My front room looks like a storm hit it. Blankets are strewn here and there, dining chairs are out of place, and army men are waiting in camouflage to attack any bare feet that wander in. This is a result of fort-making yesterday and my being gone today. I've walked past the room several times and simply turned my head. I don't want to deal with it.
My mind has had some hurricane force winds blowing around lately, as well. My thoughts are topsy-turvy, ideas flung hither and yon. Focus is a far-fetched concept. I try to get a hold of some thought, but it's blown out of reach before I can grasp it.
I know what the problem is, but like my front room, I've had blinders on. I find something else to distract me. facebook. Blogs. Pintrest. More blogs. Housework, yes, even that.
I think I know what I need to do. I'm shying away from it like a dentist chair. It won't be painful to anyone but me. Still, I cringe at the very word.
Yep. A break.
From my kids? No, in fact they will soon be much more a part of my life. Another reason a break will be helpful. I have a very small window of time before the tsunami of children waves in and overtakes me.
A break.
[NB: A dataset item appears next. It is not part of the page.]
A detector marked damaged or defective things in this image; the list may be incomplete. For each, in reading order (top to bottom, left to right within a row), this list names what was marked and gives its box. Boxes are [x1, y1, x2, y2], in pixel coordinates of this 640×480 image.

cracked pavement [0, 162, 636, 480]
From this. My blog. Your blogs. (ack! Really? How can I function without reading your amazing, inspiring, humorous words? How will you live without my comments? Seriously, don't you just wait with bated breath for me to comment?)
You can partially blame Deb from Kicking Corners. She put the idea in my head. We spent the morning together and discussed so much about writing. (I wish I'd been as smart as her when I was as young as her!) We talked about how we write, do our loved ones 'get it'. And, we talked about taking breaks, and how we don't get nearly as much done as we'd planned. But, still.
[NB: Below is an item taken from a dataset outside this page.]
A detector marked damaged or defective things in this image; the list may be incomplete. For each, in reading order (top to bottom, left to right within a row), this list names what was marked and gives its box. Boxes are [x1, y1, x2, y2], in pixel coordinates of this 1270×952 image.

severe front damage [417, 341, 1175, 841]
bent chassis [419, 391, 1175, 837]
Plus, we had this great writing group and I got some fabulous feedback. I'm rejuvenated. I want to write. I need to write. But, I need focus. And, dang it, the Internet pulls my focus like a tornado, spinning it and blowing it up and out and away.
Give me a week. A week to write and get my house in order. Literally. A week to seclude myself before my kids get out of school and start demanding my time and attention. A week to finish those last 75 pages. A week to read my entire book aloud. A week to polish my query letter. A week to psyche myself out that I'm really ready to do this.